The returns showed countywide voter turnout of 50 percent, according to updated numbers released Friday by the Kitsap County Auditor’s Office.

Llewellyn, a contractor and small-business owner, campaigned on themes of political moderation and restoring public confidence in a council marred by acrimony and skirmishes with the mayor for much of the past two years.

“I’m really happy,” Llewellyn said Wednesday. “Running against Pollock, nobody was giving me more than a chance of a 51-49 percent type of victory. Everybody thought the vote was going to be close and hard.”
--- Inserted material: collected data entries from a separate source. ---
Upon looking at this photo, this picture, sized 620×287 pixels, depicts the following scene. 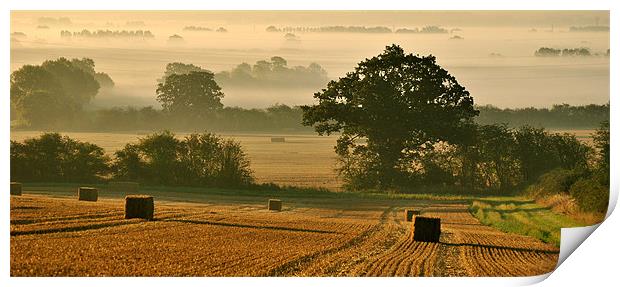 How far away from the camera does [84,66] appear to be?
2436 centimetres

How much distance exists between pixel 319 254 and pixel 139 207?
3.71 m

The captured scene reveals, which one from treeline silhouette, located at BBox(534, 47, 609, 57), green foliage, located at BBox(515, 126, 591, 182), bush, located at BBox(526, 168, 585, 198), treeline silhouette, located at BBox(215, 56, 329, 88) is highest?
treeline silhouette, located at BBox(534, 47, 609, 57)

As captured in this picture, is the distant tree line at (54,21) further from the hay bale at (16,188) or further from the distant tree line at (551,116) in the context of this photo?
the distant tree line at (551,116)

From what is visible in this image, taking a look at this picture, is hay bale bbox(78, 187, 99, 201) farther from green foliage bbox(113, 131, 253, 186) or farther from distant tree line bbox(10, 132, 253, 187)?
green foliage bbox(113, 131, 253, 186)

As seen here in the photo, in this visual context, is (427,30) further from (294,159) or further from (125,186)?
(125,186)

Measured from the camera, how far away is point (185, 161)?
2603cm

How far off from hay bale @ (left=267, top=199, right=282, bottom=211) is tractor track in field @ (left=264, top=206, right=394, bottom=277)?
1772mm

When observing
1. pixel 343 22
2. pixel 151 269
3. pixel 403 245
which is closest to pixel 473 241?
pixel 403 245

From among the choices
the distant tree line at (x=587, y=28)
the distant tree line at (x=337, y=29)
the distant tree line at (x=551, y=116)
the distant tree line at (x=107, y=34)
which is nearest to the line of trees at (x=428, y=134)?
the distant tree line at (x=551, y=116)

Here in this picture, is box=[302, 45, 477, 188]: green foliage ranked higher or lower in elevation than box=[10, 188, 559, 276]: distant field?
higher

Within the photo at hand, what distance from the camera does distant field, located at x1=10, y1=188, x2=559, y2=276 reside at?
22.0m

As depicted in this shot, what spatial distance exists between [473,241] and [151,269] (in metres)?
6.05

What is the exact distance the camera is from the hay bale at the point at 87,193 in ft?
84.4

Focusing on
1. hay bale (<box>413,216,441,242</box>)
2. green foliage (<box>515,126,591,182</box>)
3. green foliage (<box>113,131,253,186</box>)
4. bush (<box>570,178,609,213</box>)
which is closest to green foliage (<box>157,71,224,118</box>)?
green foliage (<box>113,131,253,186</box>) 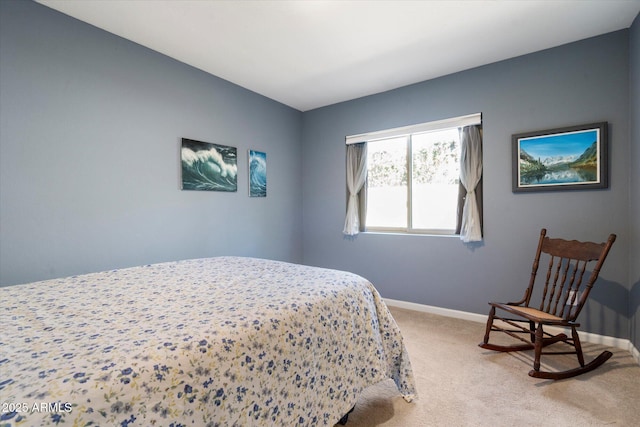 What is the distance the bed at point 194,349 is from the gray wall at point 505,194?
1791mm

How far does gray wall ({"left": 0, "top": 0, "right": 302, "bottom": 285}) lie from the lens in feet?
6.29

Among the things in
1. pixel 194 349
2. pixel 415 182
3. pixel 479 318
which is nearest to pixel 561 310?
pixel 479 318

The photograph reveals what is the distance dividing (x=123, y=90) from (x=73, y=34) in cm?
46

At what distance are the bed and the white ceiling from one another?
6.33 ft

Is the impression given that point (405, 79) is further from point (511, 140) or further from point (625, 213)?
point (625, 213)

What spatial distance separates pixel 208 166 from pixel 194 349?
2512mm

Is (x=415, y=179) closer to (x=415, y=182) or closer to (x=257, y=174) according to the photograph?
(x=415, y=182)

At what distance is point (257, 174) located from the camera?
11.9 ft

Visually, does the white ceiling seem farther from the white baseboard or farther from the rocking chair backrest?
the white baseboard

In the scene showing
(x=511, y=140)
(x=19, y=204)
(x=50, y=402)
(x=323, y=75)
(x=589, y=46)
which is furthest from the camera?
(x=323, y=75)

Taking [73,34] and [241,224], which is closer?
[73,34]

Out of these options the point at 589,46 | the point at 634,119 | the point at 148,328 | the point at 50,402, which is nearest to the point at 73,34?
the point at 148,328

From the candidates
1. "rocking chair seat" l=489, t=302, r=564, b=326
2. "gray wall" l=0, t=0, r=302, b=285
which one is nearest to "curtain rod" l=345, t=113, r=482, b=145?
"gray wall" l=0, t=0, r=302, b=285

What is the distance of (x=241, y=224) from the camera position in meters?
3.44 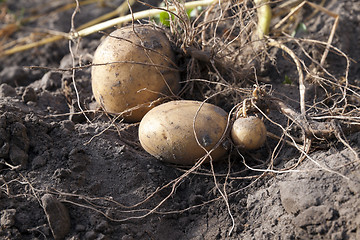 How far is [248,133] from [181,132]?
0.91 ft

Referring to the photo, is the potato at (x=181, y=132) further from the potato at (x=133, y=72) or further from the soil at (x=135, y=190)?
the potato at (x=133, y=72)

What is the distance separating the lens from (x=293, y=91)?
7.25 feet

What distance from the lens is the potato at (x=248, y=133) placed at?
5.69 feet

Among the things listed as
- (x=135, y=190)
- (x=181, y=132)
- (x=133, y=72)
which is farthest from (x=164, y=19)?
(x=135, y=190)

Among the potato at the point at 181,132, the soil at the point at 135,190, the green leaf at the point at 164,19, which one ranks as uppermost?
the green leaf at the point at 164,19

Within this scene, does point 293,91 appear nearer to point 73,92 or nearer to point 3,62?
point 73,92

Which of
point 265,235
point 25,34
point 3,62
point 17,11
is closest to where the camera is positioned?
point 265,235

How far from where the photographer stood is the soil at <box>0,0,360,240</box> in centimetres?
150

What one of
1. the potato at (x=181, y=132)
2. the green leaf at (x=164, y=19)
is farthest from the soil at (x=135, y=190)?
the green leaf at (x=164, y=19)

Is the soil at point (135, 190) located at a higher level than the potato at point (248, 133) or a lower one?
lower

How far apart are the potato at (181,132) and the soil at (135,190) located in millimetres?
87

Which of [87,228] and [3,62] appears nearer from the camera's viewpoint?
[87,228]

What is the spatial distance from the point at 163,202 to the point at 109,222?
0.25m

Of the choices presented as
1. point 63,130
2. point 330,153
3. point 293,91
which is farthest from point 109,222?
point 293,91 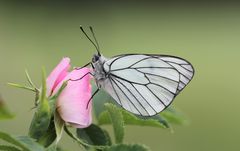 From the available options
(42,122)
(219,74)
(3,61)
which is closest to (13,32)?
(3,61)

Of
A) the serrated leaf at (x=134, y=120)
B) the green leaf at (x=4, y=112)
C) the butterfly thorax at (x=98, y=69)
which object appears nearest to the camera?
the green leaf at (x=4, y=112)

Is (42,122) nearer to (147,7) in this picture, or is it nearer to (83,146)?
(83,146)

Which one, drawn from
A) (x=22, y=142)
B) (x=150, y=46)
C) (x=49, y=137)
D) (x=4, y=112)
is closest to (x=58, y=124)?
(x=49, y=137)

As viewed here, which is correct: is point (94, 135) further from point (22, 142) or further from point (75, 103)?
point (22, 142)

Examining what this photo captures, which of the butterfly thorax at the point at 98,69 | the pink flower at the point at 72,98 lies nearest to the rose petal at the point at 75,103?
the pink flower at the point at 72,98

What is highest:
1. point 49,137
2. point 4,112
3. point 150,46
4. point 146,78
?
point 4,112

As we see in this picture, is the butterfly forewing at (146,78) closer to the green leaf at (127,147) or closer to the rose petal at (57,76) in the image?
the rose petal at (57,76) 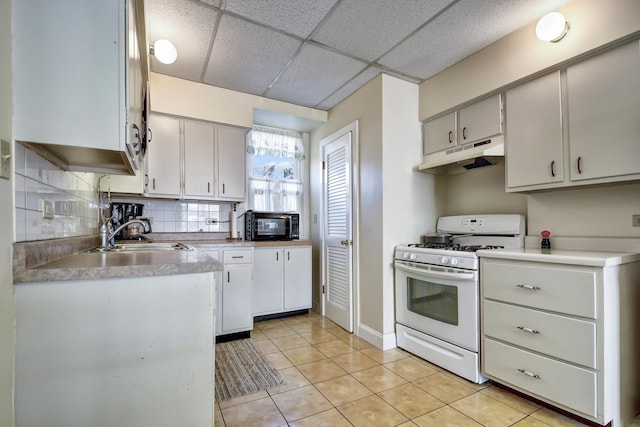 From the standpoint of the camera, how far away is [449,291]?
2246 mm

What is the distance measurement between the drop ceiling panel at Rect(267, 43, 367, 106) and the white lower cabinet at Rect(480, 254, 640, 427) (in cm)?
200

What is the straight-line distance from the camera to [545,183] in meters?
2.01

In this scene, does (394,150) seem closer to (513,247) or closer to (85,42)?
(513,247)

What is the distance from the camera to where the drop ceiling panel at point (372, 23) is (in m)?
1.88

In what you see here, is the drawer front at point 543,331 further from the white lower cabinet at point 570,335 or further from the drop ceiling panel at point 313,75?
the drop ceiling panel at point 313,75

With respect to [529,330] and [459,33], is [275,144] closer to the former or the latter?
[459,33]

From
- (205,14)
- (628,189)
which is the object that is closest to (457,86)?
(628,189)

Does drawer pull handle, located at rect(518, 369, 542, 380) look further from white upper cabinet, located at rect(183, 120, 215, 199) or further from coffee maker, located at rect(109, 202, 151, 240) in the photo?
coffee maker, located at rect(109, 202, 151, 240)

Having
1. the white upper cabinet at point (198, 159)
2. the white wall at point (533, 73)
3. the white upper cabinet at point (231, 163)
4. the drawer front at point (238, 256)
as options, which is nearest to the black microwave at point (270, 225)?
the white upper cabinet at point (231, 163)

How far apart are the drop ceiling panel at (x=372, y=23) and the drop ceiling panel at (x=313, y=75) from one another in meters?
0.15

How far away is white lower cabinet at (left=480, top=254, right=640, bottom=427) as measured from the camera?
1523mm

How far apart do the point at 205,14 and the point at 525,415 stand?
3153 millimetres

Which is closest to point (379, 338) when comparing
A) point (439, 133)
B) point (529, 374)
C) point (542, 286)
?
point (529, 374)

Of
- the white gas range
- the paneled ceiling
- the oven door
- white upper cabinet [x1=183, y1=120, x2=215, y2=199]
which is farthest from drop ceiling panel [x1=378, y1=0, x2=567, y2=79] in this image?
white upper cabinet [x1=183, y1=120, x2=215, y2=199]
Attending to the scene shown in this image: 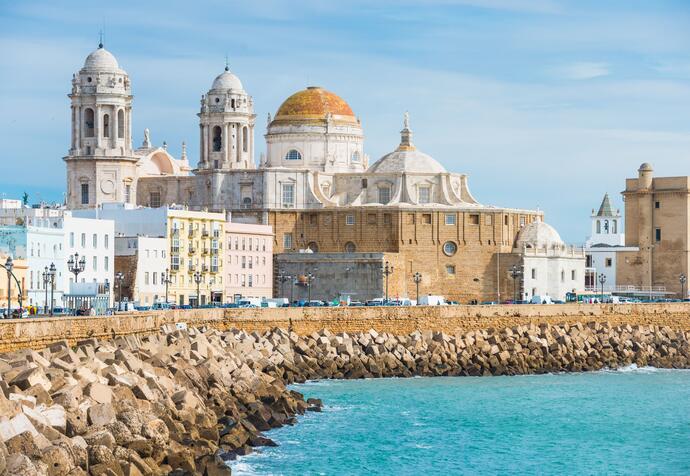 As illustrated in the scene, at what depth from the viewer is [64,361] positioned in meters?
30.8

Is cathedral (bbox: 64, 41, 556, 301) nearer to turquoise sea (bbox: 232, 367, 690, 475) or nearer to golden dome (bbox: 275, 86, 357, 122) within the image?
golden dome (bbox: 275, 86, 357, 122)

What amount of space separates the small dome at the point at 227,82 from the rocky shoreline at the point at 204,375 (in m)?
31.5

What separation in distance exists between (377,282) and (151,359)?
42.4 meters

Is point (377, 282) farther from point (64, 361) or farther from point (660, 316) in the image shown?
point (64, 361)

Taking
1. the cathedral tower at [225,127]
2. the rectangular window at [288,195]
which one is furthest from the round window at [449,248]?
the cathedral tower at [225,127]

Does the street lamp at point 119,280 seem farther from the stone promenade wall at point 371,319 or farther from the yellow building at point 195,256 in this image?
the stone promenade wall at point 371,319

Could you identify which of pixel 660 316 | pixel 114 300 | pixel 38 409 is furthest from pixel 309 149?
pixel 38 409

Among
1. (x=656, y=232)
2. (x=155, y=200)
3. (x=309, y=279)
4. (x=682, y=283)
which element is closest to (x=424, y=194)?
(x=309, y=279)

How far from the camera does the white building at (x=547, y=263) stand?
80.6 metres

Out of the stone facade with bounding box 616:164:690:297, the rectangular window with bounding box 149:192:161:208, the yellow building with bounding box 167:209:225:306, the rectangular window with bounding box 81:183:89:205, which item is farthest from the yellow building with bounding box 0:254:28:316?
the stone facade with bounding box 616:164:690:297

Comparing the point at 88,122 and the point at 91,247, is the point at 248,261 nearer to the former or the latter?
the point at 88,122

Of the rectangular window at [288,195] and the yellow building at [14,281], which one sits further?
the rectangular window at [288,195]

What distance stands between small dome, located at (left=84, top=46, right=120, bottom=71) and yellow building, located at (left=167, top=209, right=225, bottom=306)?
32.4 ft

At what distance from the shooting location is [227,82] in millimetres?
84312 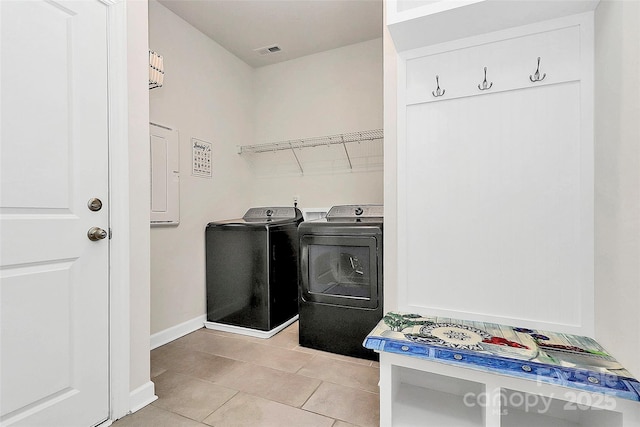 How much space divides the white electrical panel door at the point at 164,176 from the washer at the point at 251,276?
406mm

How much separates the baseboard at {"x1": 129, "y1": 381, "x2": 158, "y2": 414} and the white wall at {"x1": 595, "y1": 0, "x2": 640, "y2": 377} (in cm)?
199

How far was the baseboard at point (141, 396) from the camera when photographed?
1.54 meters

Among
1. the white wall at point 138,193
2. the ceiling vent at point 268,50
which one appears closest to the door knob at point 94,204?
the white wall at point 138,193

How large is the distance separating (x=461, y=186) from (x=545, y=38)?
68 cm

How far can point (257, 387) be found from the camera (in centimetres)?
175

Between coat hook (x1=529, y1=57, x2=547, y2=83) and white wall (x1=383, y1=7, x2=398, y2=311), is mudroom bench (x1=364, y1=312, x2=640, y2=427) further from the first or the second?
coat hook (x1=529, y1=57, x2=547, y2=83)

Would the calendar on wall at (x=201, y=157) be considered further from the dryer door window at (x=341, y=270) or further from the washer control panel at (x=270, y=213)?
the dryer door window at (x=341, y=270)

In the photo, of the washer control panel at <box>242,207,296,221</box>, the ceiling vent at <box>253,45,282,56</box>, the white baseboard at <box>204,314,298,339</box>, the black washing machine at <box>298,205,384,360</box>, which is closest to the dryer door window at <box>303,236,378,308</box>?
the black washing machine at <box>298,205,384,360</box>

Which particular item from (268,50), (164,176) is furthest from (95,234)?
(268,50)

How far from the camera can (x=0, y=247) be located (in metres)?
1.15

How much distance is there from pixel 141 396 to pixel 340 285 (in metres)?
1.28

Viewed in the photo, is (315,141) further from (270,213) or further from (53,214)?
(53,214)

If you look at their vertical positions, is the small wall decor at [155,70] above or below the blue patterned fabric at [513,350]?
above

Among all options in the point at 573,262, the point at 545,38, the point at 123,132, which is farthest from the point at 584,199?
the point at 123,132
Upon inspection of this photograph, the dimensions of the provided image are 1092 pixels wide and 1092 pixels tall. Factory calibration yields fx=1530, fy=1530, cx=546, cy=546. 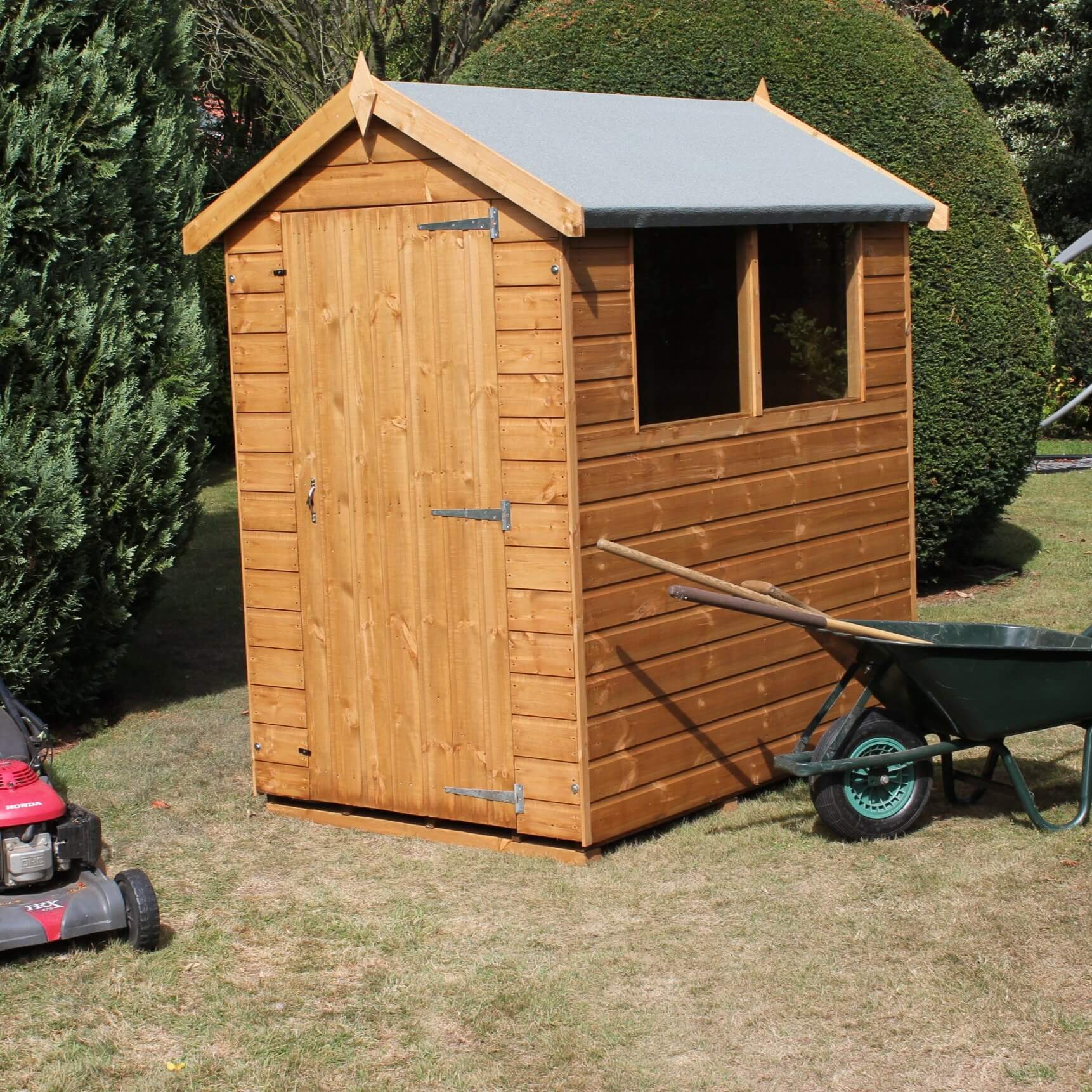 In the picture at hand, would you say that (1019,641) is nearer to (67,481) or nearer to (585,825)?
(585,825)

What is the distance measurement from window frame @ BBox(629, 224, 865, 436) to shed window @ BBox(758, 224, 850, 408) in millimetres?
25

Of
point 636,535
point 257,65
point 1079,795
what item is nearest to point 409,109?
point 636,535

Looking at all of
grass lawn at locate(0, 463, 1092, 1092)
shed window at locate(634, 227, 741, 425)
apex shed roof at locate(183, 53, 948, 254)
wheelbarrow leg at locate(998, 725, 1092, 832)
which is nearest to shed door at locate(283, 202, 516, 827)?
apex shed roof at locate(183, 53, 948, 254)

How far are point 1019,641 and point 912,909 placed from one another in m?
1.32

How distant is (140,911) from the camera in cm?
484

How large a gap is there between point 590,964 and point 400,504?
1.95 metres

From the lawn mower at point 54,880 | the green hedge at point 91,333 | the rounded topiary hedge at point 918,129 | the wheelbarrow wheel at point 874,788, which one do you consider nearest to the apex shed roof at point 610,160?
the green hedge at point 91,333

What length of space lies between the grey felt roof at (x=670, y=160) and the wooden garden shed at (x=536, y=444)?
0.02 m

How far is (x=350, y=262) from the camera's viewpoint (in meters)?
5.84

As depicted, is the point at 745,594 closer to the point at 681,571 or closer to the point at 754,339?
the point at 681,571

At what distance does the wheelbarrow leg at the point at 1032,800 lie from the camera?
5559 millimetres

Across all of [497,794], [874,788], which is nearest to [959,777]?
[874,788]

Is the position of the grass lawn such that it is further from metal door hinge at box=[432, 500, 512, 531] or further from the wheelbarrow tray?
metal door hinge at box=[432, 500, 512, 531]

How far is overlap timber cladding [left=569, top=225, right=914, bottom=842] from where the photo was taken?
5508 mm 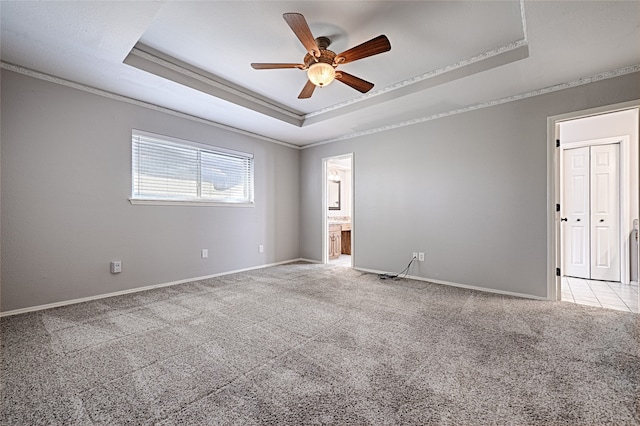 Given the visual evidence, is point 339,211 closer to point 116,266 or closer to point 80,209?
point 116,266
He added: “(But) I had to put on my Clark Kent outfit today and go back to work.”

Pollock, a policy analyst and research scientist who focused on land use issues during his first term, ran largely on his environmental record.

The campaign season saw a negative turn; Llewellyn was battered for what was said to be a poor environmental voting record during his previous council term, while Pollock was repeatedly linked to intrigue at City Hall.

Pollock said Thursday that the results bring a “diversity of voices” to the council that gives next year’s group “the opportunity to do great things.”

“It seems that everybody ran on a theme of protecting quaity of life on the island and protecting the environment, and those are positive things,” Pollock said. “I think they’ll have success if they move forward in that direction.”

Tooloee, whose primary theme was engaging a broader spectrum of views in the political process, termed the election results a call for “positive change.”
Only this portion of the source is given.